Graphite occurs naturally in igneous and metamorphic rocks, where high temperatures and pressures compress carbon into graphite. Graphite can also be created synthetically by heating materials with high carbon content (e.g. petroleum coke or coal-tar pitch). The carbon-rich material is heated to 2500 to 3000 degrees Celsius, which is hot enough to "purify" the material of contaminants, allowing the carbon to form its hexagonal sheets.
Graphite is extremely soft and breaks into thin flexible flakes that easily slide over one another, resulting in a greasy feel. Due to this, graphite is a good "dry" lubricant and can be used in applications where wet lubricants (like lubricating oil) cannot.
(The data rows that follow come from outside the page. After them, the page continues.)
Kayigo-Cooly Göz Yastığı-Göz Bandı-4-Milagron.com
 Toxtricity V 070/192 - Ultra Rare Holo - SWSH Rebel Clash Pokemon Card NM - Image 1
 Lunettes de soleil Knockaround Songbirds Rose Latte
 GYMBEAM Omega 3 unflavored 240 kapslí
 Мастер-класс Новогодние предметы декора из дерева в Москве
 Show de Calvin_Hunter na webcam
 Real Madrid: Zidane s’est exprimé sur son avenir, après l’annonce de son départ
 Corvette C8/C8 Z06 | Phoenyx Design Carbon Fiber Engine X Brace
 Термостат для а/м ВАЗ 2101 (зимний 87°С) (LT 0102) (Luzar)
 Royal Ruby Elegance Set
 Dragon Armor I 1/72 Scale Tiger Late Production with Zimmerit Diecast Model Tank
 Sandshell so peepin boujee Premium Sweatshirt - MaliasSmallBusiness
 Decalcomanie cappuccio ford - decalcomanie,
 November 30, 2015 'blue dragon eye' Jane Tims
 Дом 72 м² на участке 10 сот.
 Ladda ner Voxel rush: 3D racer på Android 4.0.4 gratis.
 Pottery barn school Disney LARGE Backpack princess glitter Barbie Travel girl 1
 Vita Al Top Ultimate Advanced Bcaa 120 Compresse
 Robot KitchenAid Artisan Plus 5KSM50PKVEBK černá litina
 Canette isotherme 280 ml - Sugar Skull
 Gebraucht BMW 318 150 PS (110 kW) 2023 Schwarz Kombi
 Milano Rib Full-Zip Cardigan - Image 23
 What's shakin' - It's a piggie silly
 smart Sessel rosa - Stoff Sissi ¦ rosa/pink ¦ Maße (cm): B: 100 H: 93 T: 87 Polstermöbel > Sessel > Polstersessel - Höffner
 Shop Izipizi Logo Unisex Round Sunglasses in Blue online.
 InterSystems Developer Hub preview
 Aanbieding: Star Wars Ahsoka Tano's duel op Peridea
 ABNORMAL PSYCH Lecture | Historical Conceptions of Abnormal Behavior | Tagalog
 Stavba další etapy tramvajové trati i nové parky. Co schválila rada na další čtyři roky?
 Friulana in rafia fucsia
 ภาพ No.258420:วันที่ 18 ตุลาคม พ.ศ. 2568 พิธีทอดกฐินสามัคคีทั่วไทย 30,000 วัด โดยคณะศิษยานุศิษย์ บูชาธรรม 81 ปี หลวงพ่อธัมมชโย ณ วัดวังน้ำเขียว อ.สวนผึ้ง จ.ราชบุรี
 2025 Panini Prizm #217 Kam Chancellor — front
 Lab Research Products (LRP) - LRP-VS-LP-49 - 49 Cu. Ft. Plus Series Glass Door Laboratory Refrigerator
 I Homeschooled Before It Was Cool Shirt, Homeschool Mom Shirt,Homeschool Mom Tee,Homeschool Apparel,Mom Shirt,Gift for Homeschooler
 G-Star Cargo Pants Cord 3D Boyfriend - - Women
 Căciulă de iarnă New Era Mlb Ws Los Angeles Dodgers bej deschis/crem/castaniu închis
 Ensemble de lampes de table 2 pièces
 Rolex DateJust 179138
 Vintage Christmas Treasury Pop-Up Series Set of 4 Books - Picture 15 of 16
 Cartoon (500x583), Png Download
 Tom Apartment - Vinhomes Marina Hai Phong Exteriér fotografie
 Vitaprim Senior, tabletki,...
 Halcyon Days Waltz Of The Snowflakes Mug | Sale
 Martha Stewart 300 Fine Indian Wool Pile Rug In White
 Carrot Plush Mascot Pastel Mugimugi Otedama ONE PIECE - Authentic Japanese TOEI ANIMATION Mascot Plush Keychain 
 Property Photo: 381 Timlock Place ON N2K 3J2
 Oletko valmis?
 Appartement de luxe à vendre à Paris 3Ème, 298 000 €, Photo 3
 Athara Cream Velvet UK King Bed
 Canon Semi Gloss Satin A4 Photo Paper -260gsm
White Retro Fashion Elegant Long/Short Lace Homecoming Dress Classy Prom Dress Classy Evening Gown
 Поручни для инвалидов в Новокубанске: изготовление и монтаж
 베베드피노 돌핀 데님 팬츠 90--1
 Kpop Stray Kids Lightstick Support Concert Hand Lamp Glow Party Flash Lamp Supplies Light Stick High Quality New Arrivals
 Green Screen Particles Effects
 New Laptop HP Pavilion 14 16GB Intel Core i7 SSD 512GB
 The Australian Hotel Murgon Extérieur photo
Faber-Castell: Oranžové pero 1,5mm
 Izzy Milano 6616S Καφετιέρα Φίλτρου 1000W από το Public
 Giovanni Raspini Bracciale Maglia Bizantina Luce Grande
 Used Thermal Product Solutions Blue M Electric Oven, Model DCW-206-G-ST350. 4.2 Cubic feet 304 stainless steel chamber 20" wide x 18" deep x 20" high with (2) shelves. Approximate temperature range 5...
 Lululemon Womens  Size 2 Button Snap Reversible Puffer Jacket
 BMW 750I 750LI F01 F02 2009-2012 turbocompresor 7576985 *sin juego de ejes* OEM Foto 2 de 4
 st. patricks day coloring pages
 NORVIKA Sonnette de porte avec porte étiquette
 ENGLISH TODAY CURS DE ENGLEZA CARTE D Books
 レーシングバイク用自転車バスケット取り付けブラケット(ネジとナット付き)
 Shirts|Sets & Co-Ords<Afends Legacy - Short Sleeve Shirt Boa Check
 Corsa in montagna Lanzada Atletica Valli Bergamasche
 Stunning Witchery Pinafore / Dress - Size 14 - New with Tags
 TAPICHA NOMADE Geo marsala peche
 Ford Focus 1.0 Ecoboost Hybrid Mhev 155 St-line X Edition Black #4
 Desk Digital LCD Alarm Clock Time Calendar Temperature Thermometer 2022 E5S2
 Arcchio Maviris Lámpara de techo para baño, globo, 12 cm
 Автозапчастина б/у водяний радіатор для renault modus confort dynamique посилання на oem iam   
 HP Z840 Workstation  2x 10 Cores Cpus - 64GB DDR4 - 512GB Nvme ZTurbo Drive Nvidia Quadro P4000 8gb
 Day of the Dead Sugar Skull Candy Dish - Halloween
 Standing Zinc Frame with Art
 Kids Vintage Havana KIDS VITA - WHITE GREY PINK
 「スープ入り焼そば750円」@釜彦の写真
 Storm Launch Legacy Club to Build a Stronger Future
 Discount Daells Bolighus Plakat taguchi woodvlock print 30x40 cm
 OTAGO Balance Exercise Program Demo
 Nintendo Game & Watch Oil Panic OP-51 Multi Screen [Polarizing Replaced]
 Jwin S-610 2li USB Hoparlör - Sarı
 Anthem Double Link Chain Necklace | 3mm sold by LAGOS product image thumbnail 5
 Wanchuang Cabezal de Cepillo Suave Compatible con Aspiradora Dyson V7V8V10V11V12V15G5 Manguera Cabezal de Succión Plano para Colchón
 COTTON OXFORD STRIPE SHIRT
Carbon has several other allotropes, or forms, that occur naturally, each with their own crystal structure(Figure 2). One form is graphene, which is a single layer of carbon atoms in a hexagonal pattern. Another well-known allotrope of carbon, are diamonds. Although also composed of pure carbon, diamonds are almost entirely different in their physical properties.
Graphite is used in a number of applications that require high temperatures and need a material that will not melt or disintegrate. Graphite is used to make the crucibles for the steel industry. Graphite is also used as a neutron moderator in certain nuclear reactors, like the Soviet RBMK, due to its ability to slow down fast-moving neutrons.